After about two and a half years of studying in this yeshiva, he felt a certain saturation in studying the Talmud and sought to also acquire a general education, reading literature such as the works of Friedrich Schiller, Theodore Herzl, and Ahad Ha'am.

In 1927 he wrote his first article for the Orthodox newspaper from Budapest - Zsido Ujsag, protesting a community judge who told Hungarian Jews stay away from Zionist or quasi-Zionist activities. The article was copied by the Zionist newspaper of Hungary, Zsido Szemle, who praised the rural Jew who showed a deeper understanding of the needs of the times than the leaders of Orthodoxy, and Katz was asked by the editor to continue writing articles. In Bratislava, Katz identified with the speeches of Rabbi Meir Berlin (Bar-Ilan), Nahum Sokolov And Ze'ev Jabotinsky, seeing the building of Israel as the primary task of the generation.

In the spring of 1928, he arrived in Frankfurt for the yeshiva "Adat Yeshuron", which at the time was headed by Yosef Breuer, one of the sons of the yeshiva's founder Shlomo Breuer. While studying there he also studied for and passed an entrance exam enabling him to study at the University of Frankfurt.

In the spring of 1934, he submitted his Doctoral Thesis on the subject of the assimilation of German Jews. For his livelihood he was engaged in giving private lessons in Judaism/Talmud to members of Rabbi Breuer's family and others and under these circumstances he met his future wife Gerti-Bina nee Birnbaum whom he married in Jerusalem in 1936. However, before immigrating to mandate Palestine, he spent a year in London to improve his English.

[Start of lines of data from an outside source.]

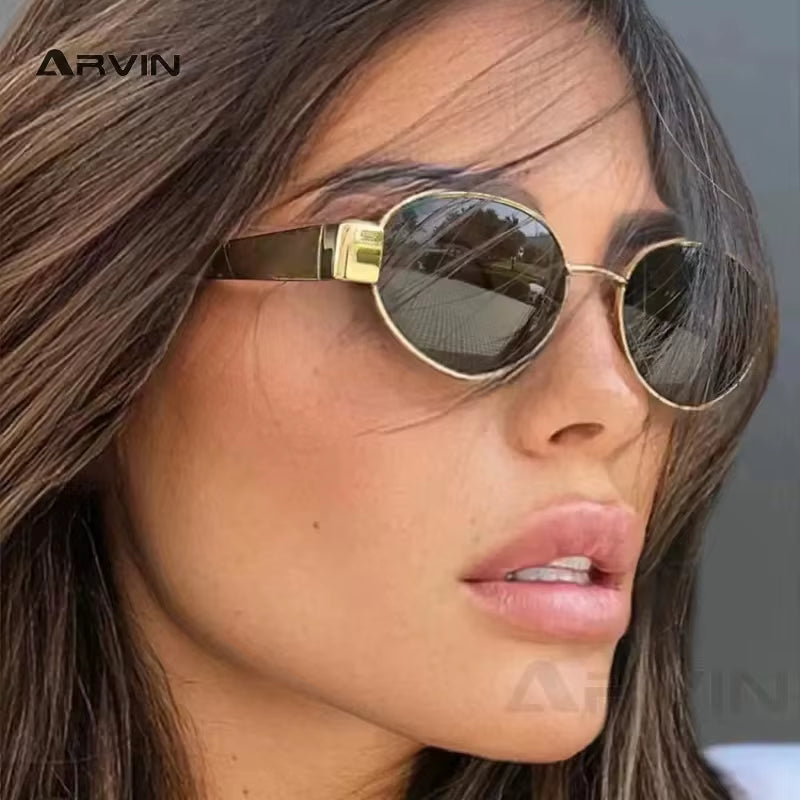 Elevate Your Style with Fashion Oval Sunglasses for Women - Retro Metal Goggles with UV400 Protection for Outdoor Adventures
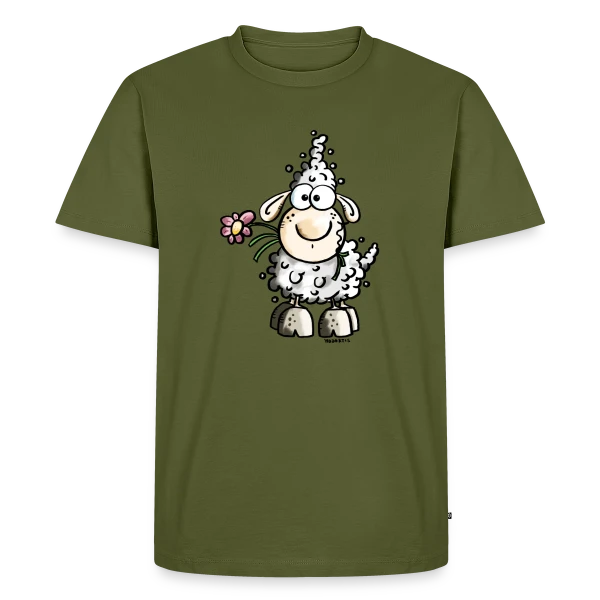 Adorable Mouton Gourmand - Fleur et Humour sur T-shirt Premium bio Homme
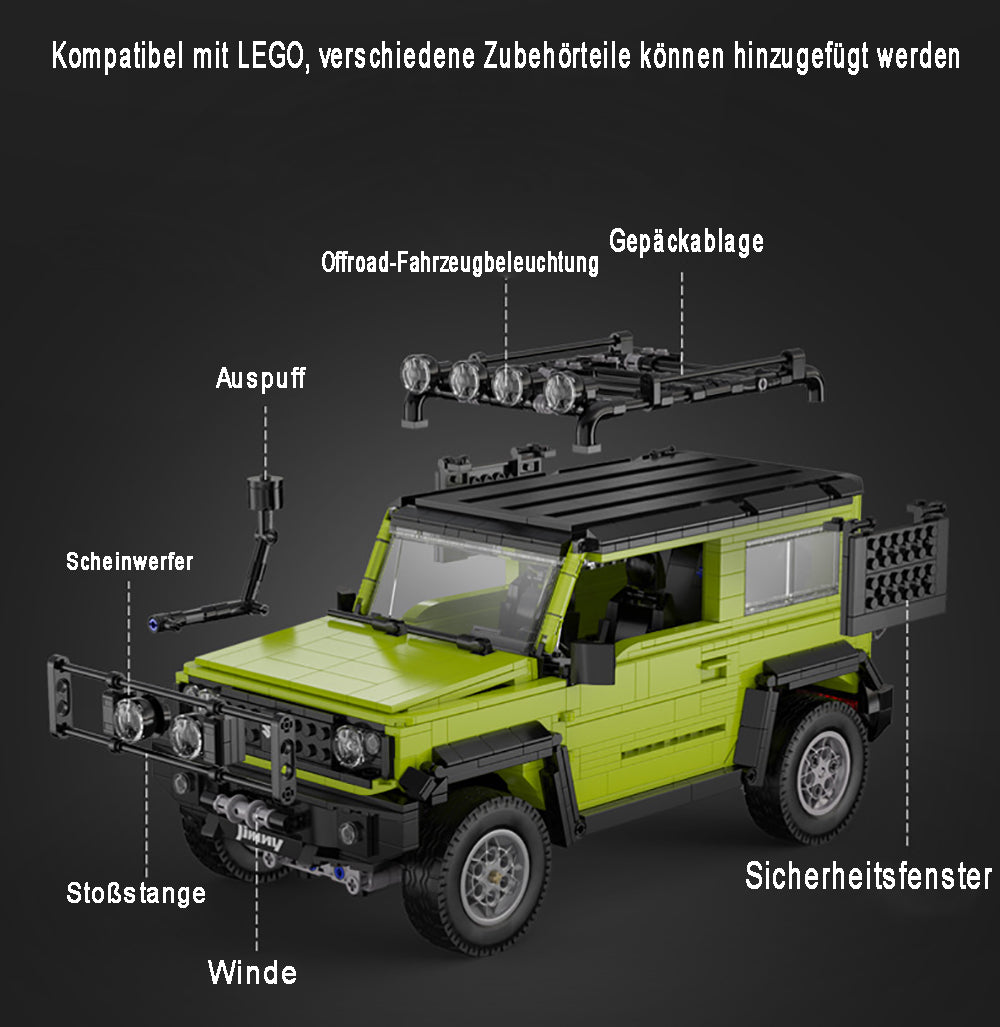 Technik Suzuki Jimny Modell, 1803 Teile Technik Ferngesteuert Offroader Modell mit Motoren, Technik Geländewagen Bausatz Kompatibel mit Lego Technik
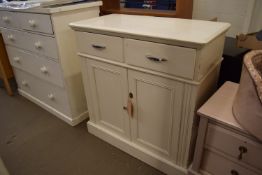 OVERPAINTED WHITE TWO OVER TWO DRAWER SIDE UNITS WITH CHROME HANDLES, 92CM WIDE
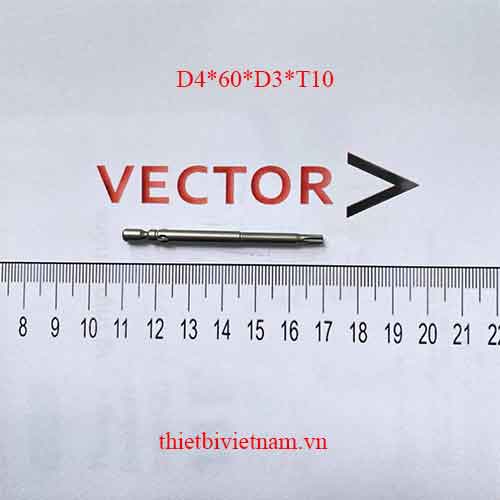 Đầu bits cánh bướm phi 4, mũi hoa mai T10 D4*60*D3*T10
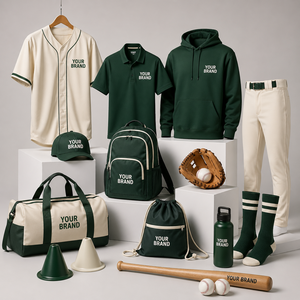 Conjunto de artículos de béisbol con logotipo personalizado: camisetas, gorras, guantes, bate, botella de agua, mochila para eventos deportivos y promoción de equipos - Product Image 1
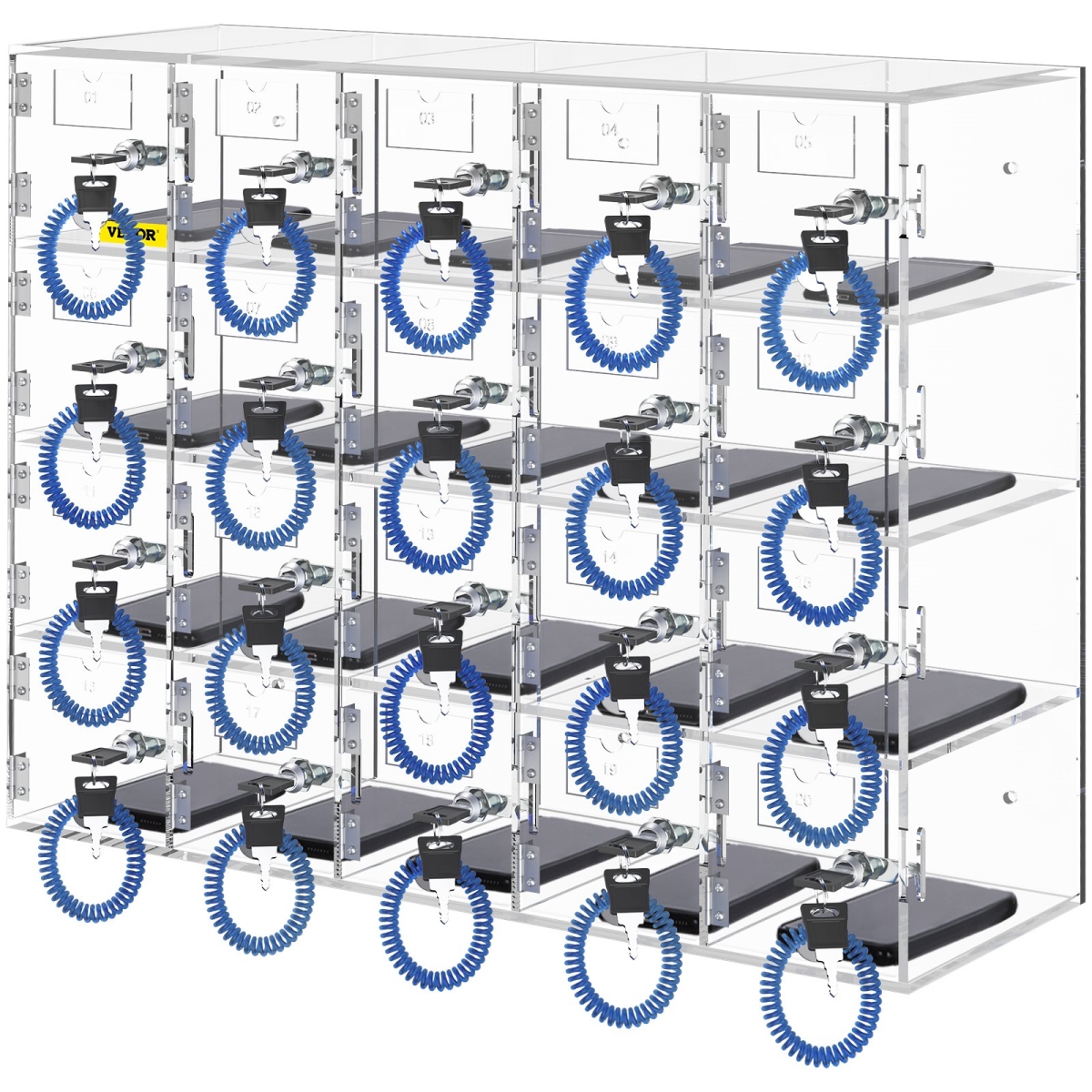 YKLSJCWJSJB20Y5QIV0 20-Slots Cell Phone Storage Locker, Clear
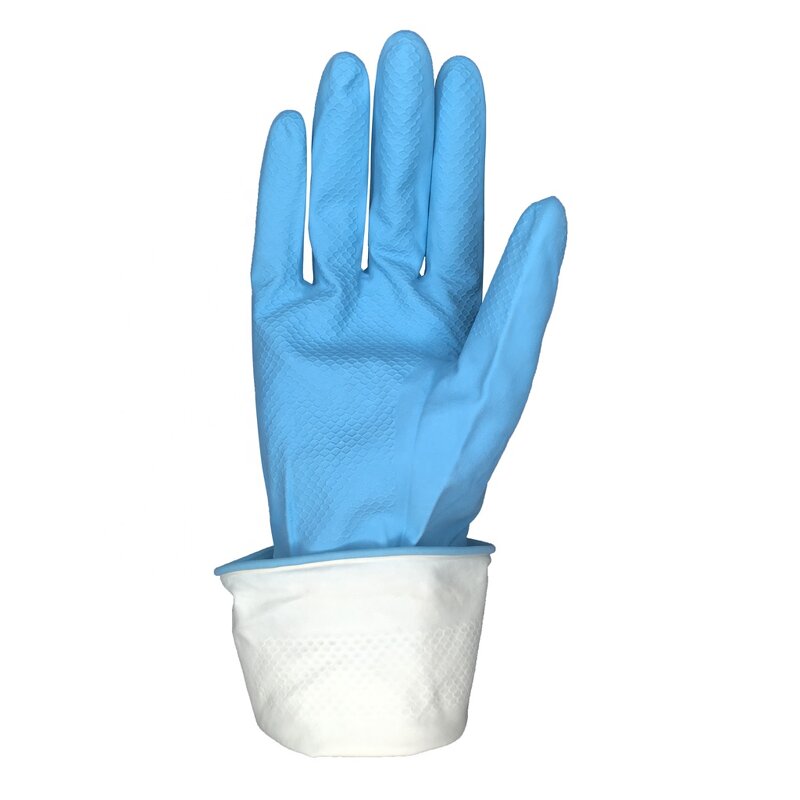 Cotton Lined Latex Gloves Manufacturer - 40gsm Dish Washing Household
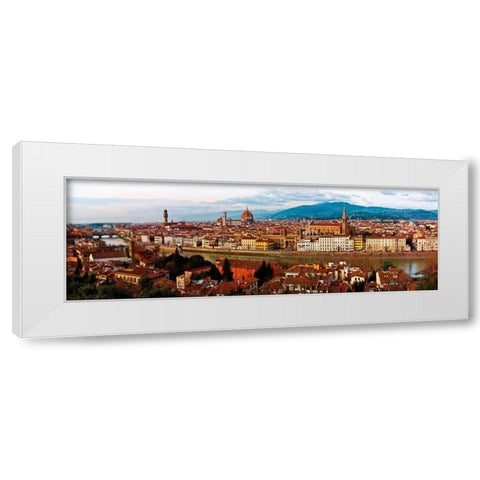 Panoramic view of Florence White Modern Wood Framed Art Print by Ratsenskiy, Vadim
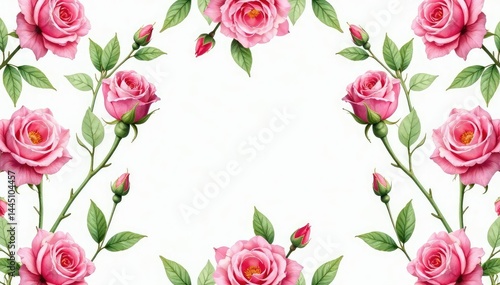 Delicate watercolor rosebuds & leaves repeat seamlessly , seamless floral, blossom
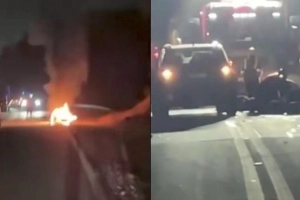 Ap&oacute;s motocicleta pegar fogo, motorista morre em grave acidente na BR-280 em Jaragu&aacute; do Sul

After immigrating to Palestine in 1936, he lived in Tel Aviv where he worked in occasional teaching jobs and later accepted a teaching position at the "Moriya" school. After that (1945-1950) he served as a teacher and director at the "Talfiot" teacher and kindergarten seminar.

Years 1945-1950
In the year 1945 Jacob Katz presented to a conference of historians his article "Marriage and Sexual Relations at the close of the Middle Ages" which was published that year in the periodical Zion. Katz, who lived at that time in Tel Aviv and worked as a lecturer at College of Education, had already been credited with a few articles in the fields of education, psychology, and pedagogy, and their publication had given him a good reputation in the field. However, this reputation alone did not make him happy; he even suspected that it might distance him from what he craved most of all: to get back to engagement in history research. It was Ben-Zion Dinur who encouraged Katz not to give up on his research even in the absence of an academic post. Indeed, despite the difficulty of setting aside time for research, Katz succeeded in completing the article mentioned. Its publication in the pages of Zion gave rise to favourable responses, and even won Katz an invitation to the first International Congress of Jewish studies in Jerusalem in 1947. With hindsight it is possible to claim that Katz's article on "Marriage and Sexual Relations" in Zion paved the way for his joining the faculty of Hebrew University. At the approach of the academic year 1949-1950, the University invited Katz to serve as an adjunct instructor, offering him 25% of a full-time post.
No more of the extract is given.